*HOW TO COMPLETE THIS TASK*: When you find the line that contains "up in 1 week", restate it and all lines after it exactly, stopping at the end of the material.

Content starts

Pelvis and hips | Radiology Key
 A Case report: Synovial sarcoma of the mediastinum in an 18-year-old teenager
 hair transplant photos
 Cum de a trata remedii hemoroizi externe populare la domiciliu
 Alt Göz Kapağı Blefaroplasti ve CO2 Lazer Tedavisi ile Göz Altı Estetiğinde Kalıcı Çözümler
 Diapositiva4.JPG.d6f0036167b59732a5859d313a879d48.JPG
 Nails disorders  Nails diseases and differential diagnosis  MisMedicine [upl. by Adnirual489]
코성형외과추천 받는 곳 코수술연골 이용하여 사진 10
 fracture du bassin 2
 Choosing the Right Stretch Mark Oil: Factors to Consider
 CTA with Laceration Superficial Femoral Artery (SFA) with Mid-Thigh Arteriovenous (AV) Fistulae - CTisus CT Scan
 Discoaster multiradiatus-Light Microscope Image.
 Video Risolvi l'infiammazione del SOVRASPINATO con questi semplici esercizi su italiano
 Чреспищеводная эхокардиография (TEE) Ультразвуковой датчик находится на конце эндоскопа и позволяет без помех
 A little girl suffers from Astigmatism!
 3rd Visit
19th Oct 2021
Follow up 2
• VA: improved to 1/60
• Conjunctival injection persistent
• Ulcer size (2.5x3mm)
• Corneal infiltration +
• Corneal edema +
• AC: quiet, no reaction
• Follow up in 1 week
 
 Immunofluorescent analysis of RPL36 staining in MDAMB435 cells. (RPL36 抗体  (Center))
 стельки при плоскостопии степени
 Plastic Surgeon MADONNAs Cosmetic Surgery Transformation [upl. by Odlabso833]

Content ends

*PROBLEM SOLUTION*:
• Follow up in 1 week
 
 Immunofluorescent analysis of RPL36 staining in MDAMB435 cells. (RPL36 抗体  (Center))
 стельки при плоскостопии степени
 Plastic Surgeon MADONNAs Cosmetic Surgery Transformation [upl. by Odlabso833]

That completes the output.